[Records from a data collection]
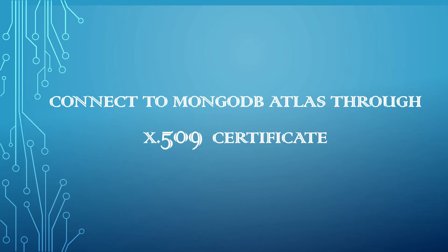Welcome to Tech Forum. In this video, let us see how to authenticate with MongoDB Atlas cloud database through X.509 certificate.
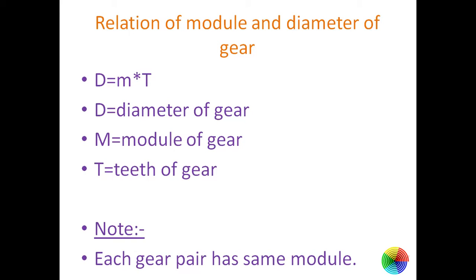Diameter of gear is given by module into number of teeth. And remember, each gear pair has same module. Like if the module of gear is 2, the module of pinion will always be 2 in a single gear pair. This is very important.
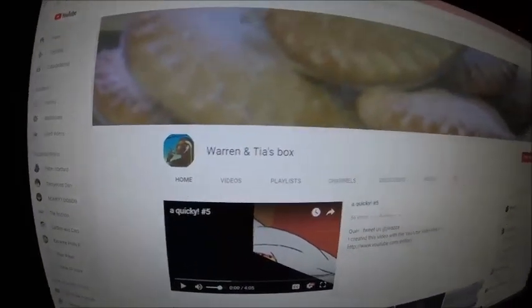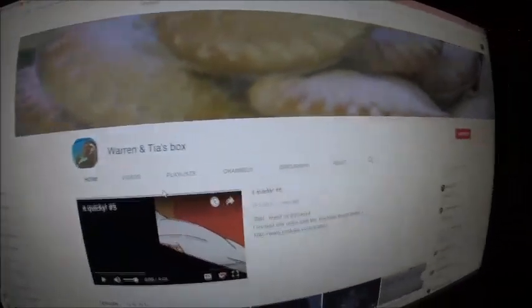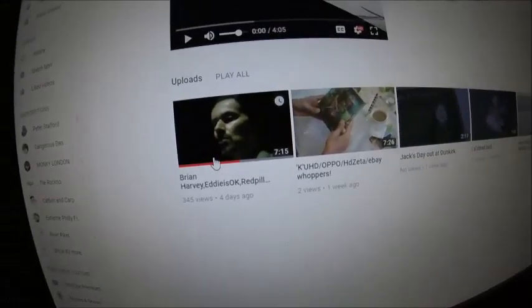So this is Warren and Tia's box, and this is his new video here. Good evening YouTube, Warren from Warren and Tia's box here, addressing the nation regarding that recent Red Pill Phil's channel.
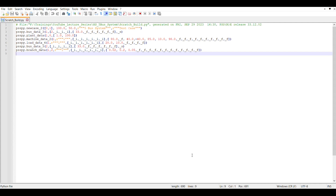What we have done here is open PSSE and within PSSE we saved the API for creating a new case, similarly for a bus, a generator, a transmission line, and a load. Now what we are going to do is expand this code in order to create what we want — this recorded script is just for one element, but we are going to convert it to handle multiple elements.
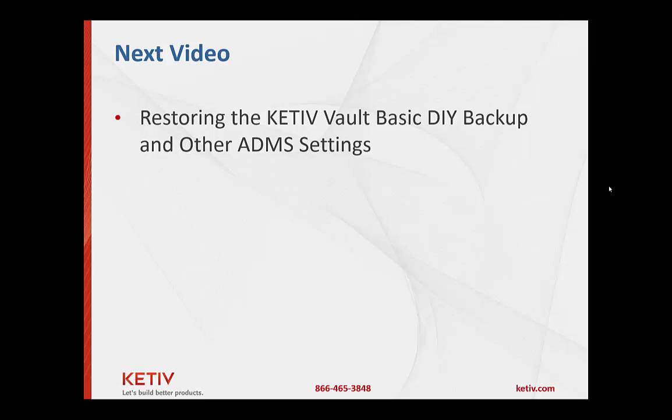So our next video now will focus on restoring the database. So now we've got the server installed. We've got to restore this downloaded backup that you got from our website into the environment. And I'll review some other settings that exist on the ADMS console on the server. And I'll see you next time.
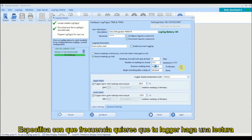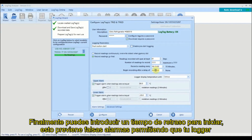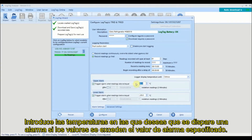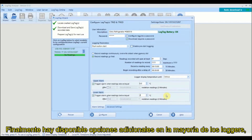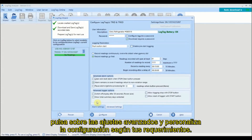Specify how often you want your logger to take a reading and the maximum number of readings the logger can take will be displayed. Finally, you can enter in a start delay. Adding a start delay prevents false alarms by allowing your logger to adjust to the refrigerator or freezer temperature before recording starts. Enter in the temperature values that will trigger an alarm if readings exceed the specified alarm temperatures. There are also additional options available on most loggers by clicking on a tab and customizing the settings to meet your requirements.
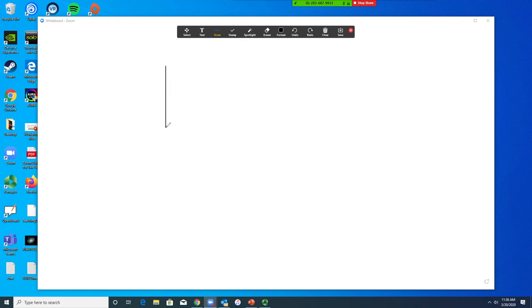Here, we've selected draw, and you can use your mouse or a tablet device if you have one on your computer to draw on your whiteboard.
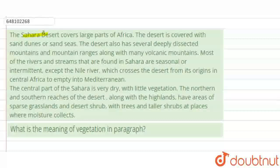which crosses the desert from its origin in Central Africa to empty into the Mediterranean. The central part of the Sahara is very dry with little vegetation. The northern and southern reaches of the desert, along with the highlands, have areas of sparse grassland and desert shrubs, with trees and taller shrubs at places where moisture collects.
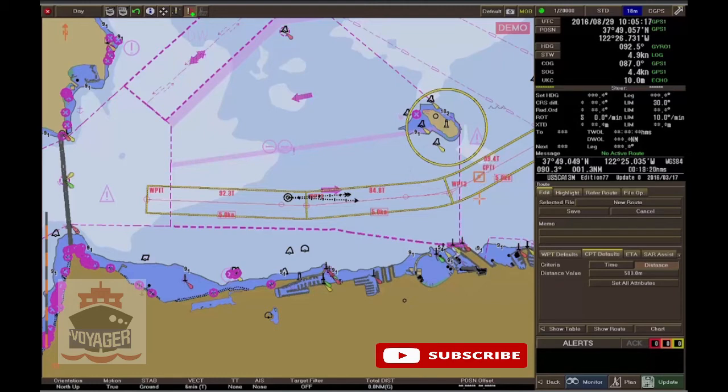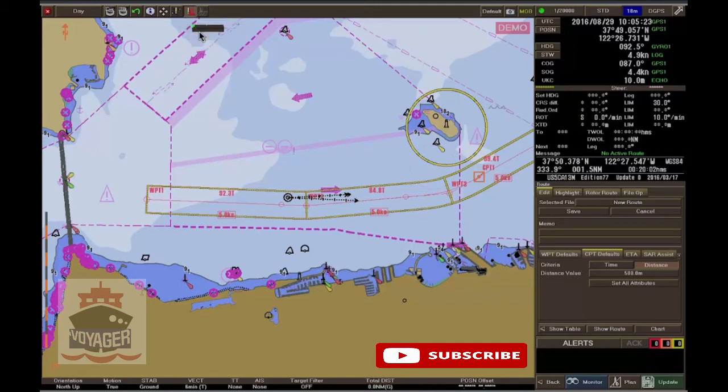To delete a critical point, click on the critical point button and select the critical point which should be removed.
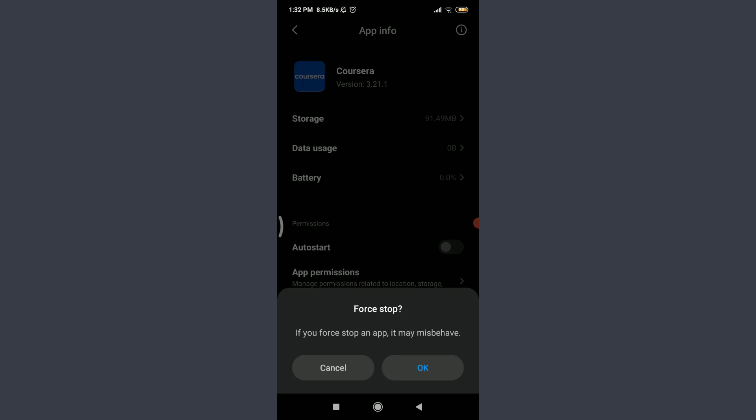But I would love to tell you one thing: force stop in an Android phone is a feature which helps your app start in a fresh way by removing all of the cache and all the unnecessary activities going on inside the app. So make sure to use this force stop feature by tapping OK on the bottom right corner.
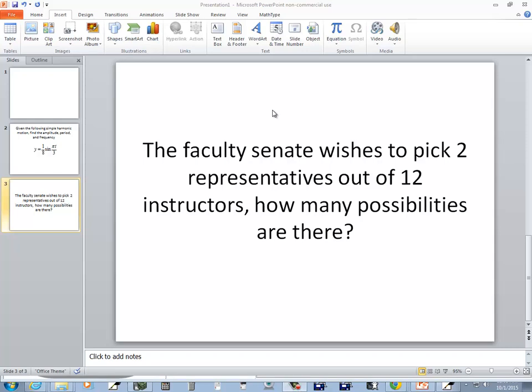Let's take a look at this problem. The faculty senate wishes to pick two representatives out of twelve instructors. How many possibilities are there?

* * *

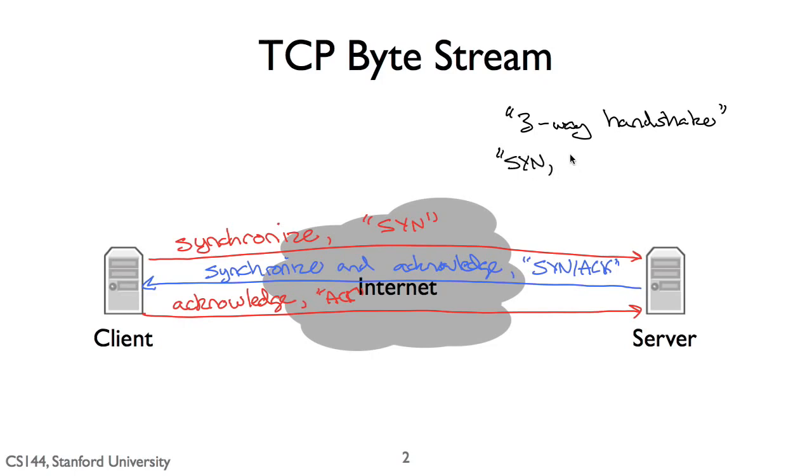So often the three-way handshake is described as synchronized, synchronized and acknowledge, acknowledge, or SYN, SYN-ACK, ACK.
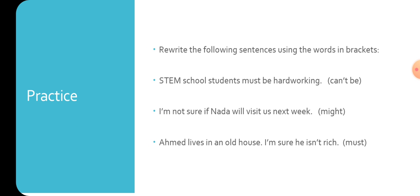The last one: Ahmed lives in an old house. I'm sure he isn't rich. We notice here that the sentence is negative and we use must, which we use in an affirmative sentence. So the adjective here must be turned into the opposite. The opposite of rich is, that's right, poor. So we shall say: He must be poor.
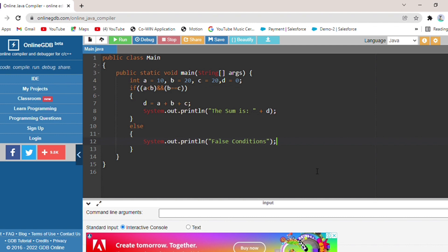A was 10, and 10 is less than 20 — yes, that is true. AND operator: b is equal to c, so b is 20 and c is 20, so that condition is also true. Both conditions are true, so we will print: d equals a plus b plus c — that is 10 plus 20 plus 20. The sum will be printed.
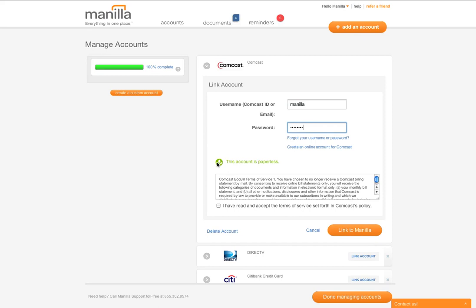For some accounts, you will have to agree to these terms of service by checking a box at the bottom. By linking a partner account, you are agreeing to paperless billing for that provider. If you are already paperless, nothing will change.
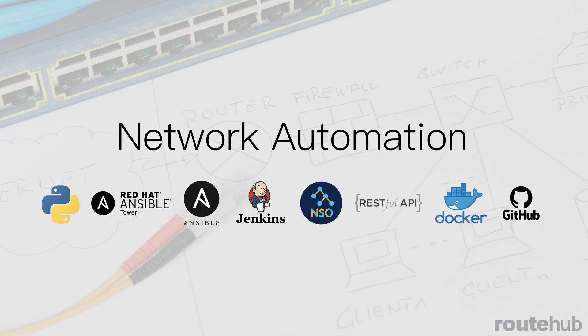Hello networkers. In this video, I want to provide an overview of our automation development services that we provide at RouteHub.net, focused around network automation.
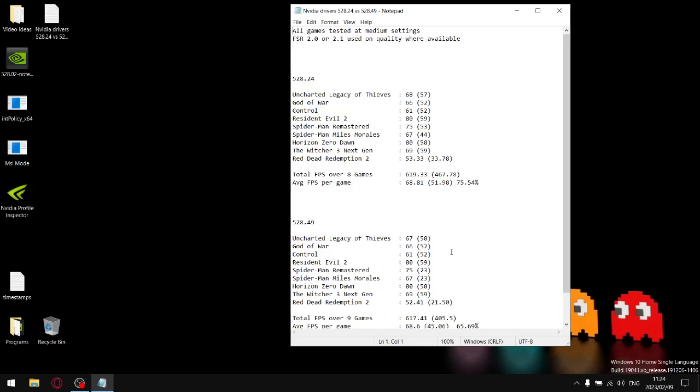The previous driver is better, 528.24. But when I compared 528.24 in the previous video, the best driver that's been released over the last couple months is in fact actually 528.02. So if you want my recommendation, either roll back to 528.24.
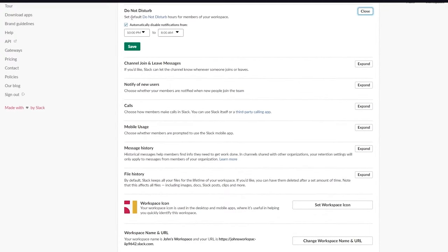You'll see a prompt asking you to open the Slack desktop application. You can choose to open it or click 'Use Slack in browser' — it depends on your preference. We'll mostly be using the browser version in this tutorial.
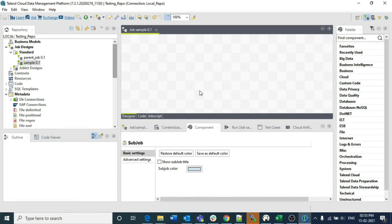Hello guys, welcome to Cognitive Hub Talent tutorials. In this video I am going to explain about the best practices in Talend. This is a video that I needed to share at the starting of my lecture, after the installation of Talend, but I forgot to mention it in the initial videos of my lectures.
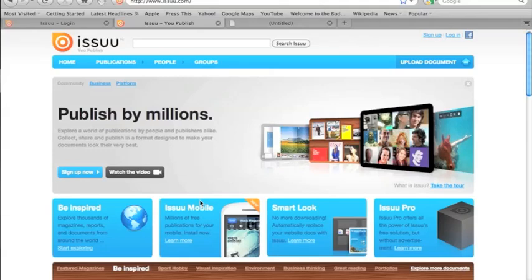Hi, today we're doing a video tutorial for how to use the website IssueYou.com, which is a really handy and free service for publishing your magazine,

TASK ITEM >> Within the entries above, the lines from the one containing "Diameter of gear" through the one containing "So our next" are to be transcribed exactly, ends included, pictures excluded.

COMPLETED EXERCISE >>
Diameter of gear is given by module into number of teeth. And remember, each gear pair has same module. Like if the module of gear is 2, the module of pinion will always be 2 in a single gear pair. This is very important.
So this is Warren and Tia's box, and this is his new video here. Good evening YouTube, Warren from Warren and Tia's box here, addressing the nation regarding that recent Red Pill Phil's channel.
What we have done here is open PSSE and within PSSE we saved the API for creating a new case, similarly for a bus, a generator, a transmission line, and a load. Now what we are going to do is expand this code in order to create what we want — this recorded script is just for one element, but we are going to convert it to handle multiple elements.
So our next video now will focus on restoring the database. So now we've got the server installed. We've got to restore this downloaded backup that you got from our website into the environment. And I'll review some other settings that exist on the ADMS console on the server. And I'll see you next time.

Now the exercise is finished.